Poor structural discipline leads to policy ineffectiveness
The most telling trend of whether or not a nation’s civic, societal, and governance order is economically friendly is the rate of formalisation. A growing informal economy is indicative of a civilisation that is detrimental to enterprise, and the continuous disenfranchisement of market participants is telling. Most importantly, within a stimulus perspective, continued informalisation is detrimental to fiscal and monetary policy. This is a significant point that Macron alluded to in his remarks!

African countries are not attractive to lend huge sums of stimulus because we lack tangible accountability to that debt. Consider for instance, that Zimbabwe’s debt is over $7 billion.

That debt is supposedly cumulative of spending on public goods, infrastructure, and service provision. Yet, with increased informalisation, it means that fewer citizens are within structural capacity for government to service that debt. Macron was chastised for saying that African families bear too many children; he said 8 children in a household. Our governments often have a civilisation philosophy of universal access to public goods, infrastructure, and service provision. So as we accumulate debt to avail these to a household of eight, who will contribute to servicing that debt if both earners in that household are in the informal economy?

Instead of taking offense to Macron’s statement, maybe we can appreciate his empathy in that developed economies lending to highly informal economies is a significant reason why Zimbabwe is increasingly in a perpetual debt trap! We have a fiscal imbalance retained by deficient civilisation philosophy. This fiscal imbalance also makes our fiscal policy ineffective.

Europe has small informal (shadow) economy to GDP

Our informal economy makes monetary policy impotent. It also makes it difficult for our economy to sustain a formalised financial sector.

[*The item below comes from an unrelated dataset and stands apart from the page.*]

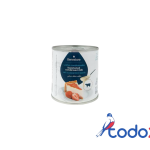 Lata de leche condensada benestare 370g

Consider that informal economies discount the notion of security; hence financial exclusion is so rampant and formal credit channels are hard to find. Also, the retention of informal sectors creates leakages in what should be contained monetary streams.

Foreign currency reserves are difficult to accumulate because in Africa they content with parallel market alternatives. This is why we have weak sovereign currencies across the continent.

 

Macron’s Africa Advisory Panel

The commendable aspect about Macron is unlike his predecessors, and European contemporaries, is that he seems to understand that whatever Africa’s civilisation problems may be, it will take Africans themselves to figure them out and proffer custom solutions.

On his African Advisory Panel of eleven representatives, Macron designated eight seats to individuals of African heritage. We need reforms to the way we organize our civic, societal and governance structure. It’s best we start taking accountability for it!